▸ **Your goal**: Isolate every line in the records below with "Road" in it.
==== Data supplied
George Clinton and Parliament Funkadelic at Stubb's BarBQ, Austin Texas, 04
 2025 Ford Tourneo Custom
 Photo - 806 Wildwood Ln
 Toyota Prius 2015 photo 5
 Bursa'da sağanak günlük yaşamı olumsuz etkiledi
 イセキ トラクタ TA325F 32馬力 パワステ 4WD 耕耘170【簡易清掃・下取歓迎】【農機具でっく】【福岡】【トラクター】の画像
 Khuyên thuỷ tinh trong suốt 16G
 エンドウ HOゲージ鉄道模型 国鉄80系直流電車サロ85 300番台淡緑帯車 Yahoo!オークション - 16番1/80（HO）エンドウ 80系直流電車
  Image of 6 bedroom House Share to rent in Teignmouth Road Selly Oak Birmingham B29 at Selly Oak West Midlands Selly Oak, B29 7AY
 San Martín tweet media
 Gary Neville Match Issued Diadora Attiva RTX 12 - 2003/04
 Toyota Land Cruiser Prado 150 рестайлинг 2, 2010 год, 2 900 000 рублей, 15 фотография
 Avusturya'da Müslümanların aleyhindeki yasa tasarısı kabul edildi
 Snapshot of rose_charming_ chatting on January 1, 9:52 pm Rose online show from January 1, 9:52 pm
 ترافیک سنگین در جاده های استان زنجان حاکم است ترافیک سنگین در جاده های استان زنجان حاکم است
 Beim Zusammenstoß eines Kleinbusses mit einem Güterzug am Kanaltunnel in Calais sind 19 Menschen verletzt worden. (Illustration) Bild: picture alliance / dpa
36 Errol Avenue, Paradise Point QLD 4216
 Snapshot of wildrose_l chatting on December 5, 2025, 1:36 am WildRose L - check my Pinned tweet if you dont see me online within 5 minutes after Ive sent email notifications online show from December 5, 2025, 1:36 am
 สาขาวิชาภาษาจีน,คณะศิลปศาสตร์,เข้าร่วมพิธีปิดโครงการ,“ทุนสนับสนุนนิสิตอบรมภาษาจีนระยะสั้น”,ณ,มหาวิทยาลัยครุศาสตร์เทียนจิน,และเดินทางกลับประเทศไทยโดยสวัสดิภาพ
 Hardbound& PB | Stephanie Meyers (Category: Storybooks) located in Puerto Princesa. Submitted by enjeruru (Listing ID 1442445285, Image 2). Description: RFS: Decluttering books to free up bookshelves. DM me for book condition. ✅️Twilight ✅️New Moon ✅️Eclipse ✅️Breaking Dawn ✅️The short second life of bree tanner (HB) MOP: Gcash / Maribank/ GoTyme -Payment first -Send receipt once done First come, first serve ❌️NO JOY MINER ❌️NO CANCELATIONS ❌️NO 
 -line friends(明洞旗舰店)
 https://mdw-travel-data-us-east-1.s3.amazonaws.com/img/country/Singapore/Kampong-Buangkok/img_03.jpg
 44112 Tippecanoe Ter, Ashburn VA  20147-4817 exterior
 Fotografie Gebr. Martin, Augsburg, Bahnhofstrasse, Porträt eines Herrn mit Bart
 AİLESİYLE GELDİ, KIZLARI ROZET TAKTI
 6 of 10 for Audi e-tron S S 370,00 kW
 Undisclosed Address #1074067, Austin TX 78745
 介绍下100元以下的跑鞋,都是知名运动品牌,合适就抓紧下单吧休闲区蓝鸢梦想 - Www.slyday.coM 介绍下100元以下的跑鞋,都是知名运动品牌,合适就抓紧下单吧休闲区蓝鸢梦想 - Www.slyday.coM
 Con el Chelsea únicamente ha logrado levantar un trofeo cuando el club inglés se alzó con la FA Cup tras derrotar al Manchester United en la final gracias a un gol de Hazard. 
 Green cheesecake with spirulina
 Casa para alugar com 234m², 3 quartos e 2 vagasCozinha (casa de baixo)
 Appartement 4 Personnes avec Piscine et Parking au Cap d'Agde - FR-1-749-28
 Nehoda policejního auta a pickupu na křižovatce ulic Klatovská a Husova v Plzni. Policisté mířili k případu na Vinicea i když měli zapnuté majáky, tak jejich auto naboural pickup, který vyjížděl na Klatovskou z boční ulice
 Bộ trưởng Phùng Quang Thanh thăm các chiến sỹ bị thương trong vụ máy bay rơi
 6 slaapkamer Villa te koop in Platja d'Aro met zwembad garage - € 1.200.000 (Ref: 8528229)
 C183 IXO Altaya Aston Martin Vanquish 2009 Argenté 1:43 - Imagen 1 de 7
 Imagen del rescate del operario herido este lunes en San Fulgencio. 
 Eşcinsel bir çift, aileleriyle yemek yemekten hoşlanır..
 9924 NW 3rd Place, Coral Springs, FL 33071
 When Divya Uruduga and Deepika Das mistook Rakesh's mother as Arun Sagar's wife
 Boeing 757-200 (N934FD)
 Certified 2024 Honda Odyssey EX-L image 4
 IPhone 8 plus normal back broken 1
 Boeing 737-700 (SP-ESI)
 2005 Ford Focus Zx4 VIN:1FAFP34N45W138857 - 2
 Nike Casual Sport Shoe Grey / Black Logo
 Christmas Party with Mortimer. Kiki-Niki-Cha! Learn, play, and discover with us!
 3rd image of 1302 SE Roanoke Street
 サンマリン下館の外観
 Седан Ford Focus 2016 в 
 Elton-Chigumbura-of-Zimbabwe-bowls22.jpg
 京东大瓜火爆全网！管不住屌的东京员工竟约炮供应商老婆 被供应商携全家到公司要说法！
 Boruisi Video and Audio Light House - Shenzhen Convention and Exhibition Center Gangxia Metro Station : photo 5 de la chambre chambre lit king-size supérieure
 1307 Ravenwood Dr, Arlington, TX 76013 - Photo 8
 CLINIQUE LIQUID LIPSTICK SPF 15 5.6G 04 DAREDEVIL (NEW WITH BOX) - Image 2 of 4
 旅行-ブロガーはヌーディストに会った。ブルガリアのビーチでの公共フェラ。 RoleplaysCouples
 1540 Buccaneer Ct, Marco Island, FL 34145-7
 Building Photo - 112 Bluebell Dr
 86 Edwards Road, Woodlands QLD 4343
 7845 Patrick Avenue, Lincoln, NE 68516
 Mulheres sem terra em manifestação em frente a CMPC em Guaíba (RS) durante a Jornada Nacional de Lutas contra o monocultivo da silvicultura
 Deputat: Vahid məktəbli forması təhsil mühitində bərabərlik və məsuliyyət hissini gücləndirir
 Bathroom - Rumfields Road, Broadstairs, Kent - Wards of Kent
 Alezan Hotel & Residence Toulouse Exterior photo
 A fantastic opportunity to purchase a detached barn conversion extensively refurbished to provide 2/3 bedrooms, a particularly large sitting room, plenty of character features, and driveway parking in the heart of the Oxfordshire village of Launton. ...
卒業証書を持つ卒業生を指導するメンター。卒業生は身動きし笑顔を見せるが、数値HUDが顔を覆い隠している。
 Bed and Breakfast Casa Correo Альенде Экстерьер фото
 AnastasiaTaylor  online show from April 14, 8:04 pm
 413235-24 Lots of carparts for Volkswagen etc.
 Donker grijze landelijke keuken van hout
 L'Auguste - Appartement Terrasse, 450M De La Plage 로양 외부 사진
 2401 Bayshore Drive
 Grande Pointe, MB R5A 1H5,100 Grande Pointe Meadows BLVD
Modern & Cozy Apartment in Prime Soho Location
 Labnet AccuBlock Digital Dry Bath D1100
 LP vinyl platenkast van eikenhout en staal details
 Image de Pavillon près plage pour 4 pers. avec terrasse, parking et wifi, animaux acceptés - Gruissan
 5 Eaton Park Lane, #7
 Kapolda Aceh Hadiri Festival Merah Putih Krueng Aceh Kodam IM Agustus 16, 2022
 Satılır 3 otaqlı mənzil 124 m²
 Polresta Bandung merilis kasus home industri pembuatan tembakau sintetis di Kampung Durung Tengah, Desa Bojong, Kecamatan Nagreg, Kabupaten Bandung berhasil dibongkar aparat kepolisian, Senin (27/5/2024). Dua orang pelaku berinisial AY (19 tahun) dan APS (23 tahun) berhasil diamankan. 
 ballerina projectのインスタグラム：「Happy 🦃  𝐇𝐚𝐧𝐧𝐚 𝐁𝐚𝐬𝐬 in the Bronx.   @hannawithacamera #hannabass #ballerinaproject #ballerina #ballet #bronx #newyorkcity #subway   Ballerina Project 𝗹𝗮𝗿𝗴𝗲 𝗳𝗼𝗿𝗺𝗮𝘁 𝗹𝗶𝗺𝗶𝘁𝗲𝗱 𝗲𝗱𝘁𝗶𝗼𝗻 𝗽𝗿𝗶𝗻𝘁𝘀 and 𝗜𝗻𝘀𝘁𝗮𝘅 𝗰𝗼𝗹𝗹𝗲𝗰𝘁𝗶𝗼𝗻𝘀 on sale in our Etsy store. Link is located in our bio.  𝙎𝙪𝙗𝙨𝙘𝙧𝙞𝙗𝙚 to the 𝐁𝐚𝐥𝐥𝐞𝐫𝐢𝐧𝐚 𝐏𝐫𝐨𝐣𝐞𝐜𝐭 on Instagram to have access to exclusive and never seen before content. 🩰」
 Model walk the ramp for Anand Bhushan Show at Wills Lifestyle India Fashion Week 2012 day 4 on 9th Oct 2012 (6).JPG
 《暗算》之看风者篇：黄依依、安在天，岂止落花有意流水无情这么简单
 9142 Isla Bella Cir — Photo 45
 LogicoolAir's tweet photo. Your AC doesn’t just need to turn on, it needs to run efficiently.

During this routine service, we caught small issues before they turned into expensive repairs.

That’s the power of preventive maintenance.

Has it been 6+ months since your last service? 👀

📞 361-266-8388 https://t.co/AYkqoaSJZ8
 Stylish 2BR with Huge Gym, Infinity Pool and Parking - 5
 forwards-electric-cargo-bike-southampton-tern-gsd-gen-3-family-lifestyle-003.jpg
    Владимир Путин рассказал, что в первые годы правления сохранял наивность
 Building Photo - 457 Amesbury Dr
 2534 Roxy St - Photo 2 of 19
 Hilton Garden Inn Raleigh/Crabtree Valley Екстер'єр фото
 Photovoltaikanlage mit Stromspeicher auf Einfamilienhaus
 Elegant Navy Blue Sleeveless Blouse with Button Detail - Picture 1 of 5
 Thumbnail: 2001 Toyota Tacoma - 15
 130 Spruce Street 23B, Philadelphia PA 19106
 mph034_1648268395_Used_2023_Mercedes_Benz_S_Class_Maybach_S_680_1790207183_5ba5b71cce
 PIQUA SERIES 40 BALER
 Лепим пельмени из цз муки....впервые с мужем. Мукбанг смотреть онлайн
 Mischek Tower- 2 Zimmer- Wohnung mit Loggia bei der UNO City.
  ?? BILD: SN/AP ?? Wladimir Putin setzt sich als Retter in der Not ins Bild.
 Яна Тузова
========
▸ **Solution**:
  Image of 6 bedroom House Share to rent in Teignmouth Road Selly Oak Birmingham B29 at Selly Oak West Midlands Selly Oak, B29 7AY
 86 Edwards Road, Woodlands QLD 4343
 Bathroom - Rumfields Road, Broadstairs, Kent - Wards of Kent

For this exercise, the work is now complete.